Five years ago I planted a large trumpet vine (‘Madame Galen’). It has grown into a beautiful shrub, but has never flowered. It gets full sun, is protected by and planted on the south side of our shed. I have tried different fertilizers, raised the pH, lowered the pH, pruned it, and not pruned it. A few neighbors have trumpet vines; they put little effort into them, yet they flower.
Getting a trumpet vine to flower is simiar to getting a wisteria to flower; it sometimes takes patience. First, make sure the location you choose has lots of sun. Plants in shade rarely flower. Second, avoid high nitrogen fertilizers. If you have a lawn service, don’t let them fertilize near the trumpet vine. Nitrogen fertilizers promote vigorous stem and leaf growth which will take away the plant’s energy from producing flowers. Third, prune the plant back each spring to only a few buds per stem. This way the plant is expending less energy on vegetative growth (stems and leaves).

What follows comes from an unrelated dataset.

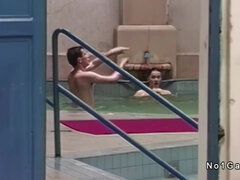 Анальный секс, Геи, Группа, Ласковые ручки, Дрочит, Сауна, Сосущие, Винтаж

If these methods fail to produce flowers, you can try fertilizing with a high phosphate fertilizer such as superphosphate or try root pruning. Root pruning is cutting a circular slit in the ground that is centered around the stem of the plant. The circle should be 2 feet in diameter for every 1 inch of trunk stem diameter. Use a sharp, pointed shovel to make the slit by digging into the ground as deep as possible and rocking the handle back and forth to create a V-shaped cut. You can apply the superphosphate directly to this cut if you like. Root pruning often produces flowers the following year. Once the plant begins to flower, removing the seed pods will encourage more flowers.